Now, I-T smells share in GECIS stake sale
The income-tax department has sent notices to Genpact asking for details of the $500-million deal in 2004 when GE sold off its 60% stake in GECIS (name later changed into Genpact) to two US-based private equity investors.
MUMBAI: The income-tax department has sent notices to Genpact, India's No-1 third party BPO company, asking for details of the $500-million deal in 2004 when GE sold off its 60% stake in GECIS (name later changed into Genpact) to two US-based private equity investors.
India's tax regime has made it a point to explore the possibility of generating tax from cross-border mergers and acquisitions on the grounds that the country has a right to claim tax on the profit generated from the business carried out in India. The notices sent to Vodafone and Genpact by the international tax division of the Department is in line with this approach.
Sources in the department said they have not quantified the tax demand possible on the deal but just asked for details of the deal. The company, set up in 1997 in Delhi with only 50 employees, have evolved by 2004 into a global leader in business services and technology solutions with 25 delivery centres spread across the US, Europe, China, Philippines and India.
The equity partners to whom GE sold its stakes are the US-based Oakhill Capital Partners and General Atlantic Partners. The sale of its shares at a $ 500 million could not escape the watchful eyes of Income tax department.
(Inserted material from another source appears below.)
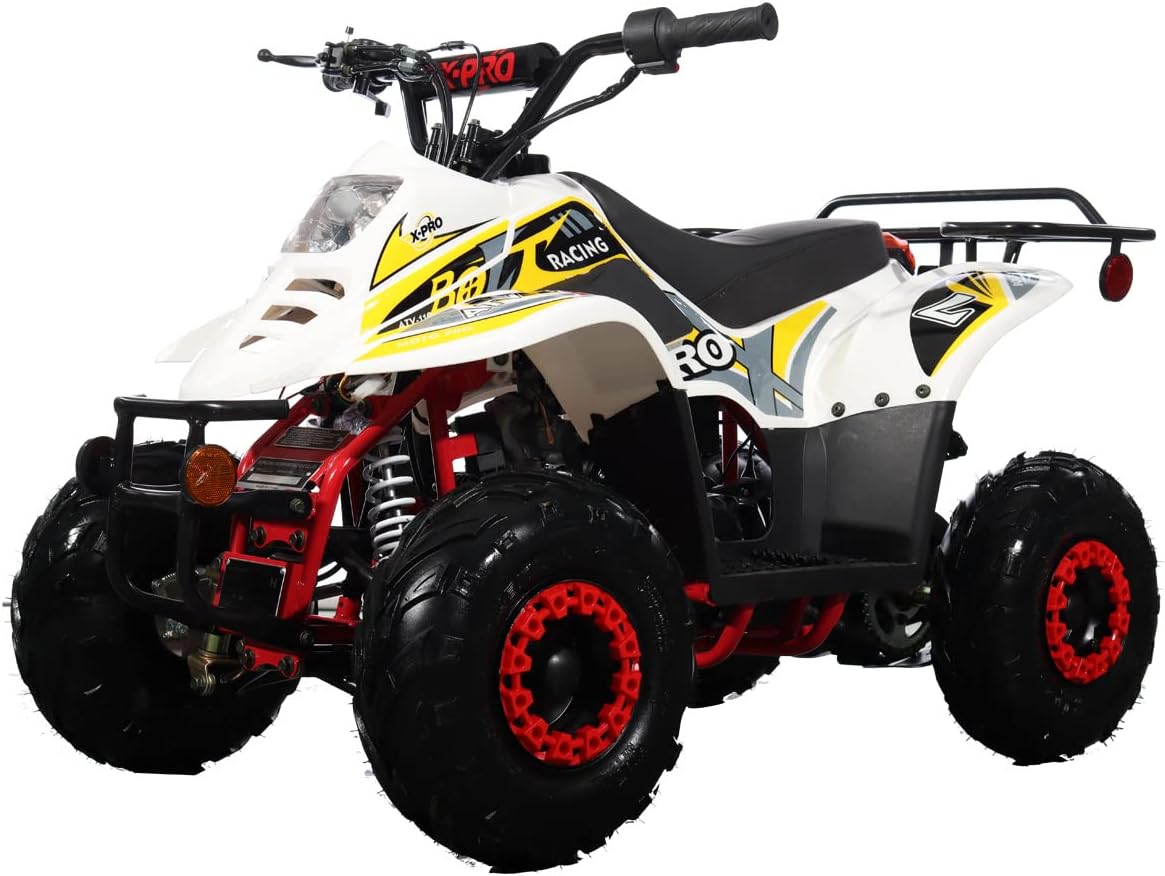 X-PRO Bolt 110 110cc ATV Quad Gas Powered 110cc 4 Wheeler ATVs Off Road ATV 4 Wheelers(Green)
The department's thinking goes like this: though the sale of shares had taken place outside India, the capital gains have been generated from the business in India and therefore the Indian Income-tax department is entitled to demand capital gains tax on the deal.
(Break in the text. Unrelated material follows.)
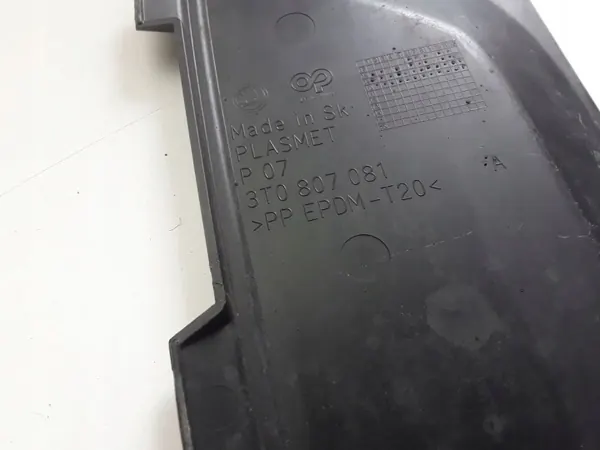 Cubierta cerradura capó Skoda Superb B6 OEM 3T0807081 image 3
The notice it sent to Genpact is similar the notices sent to Vodafone on the $ 10 billion Hutch-Essar sale, where the capital gain tax was estimated at $ 2 billion. Incidentally, Vodafone has challenged the Income-tax notices before the High Court of Bombay. The matter is pending before the court at present.
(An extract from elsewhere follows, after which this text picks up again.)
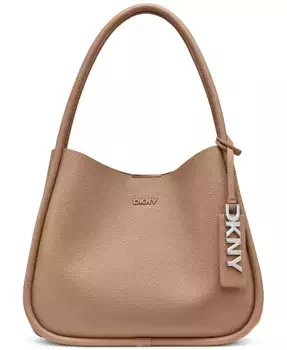 Сумка Capri Large Hobo DKNY, коричневый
Pramod Bhasin, president and CEO of Genpact, told ET "We have received notices and the respective department of the company is handling it. The matter is between the company and department and hence we cannot give details".
Genpact, GE's captive outsourcing unit before the 2004 share sale, is among the pioneers of the BPO industry in the country . Even after the sale of shares to two equity partners, GE has remained the largest shareholder with 40 % stake in the company . In 2005, GECIS was renamed Genpact.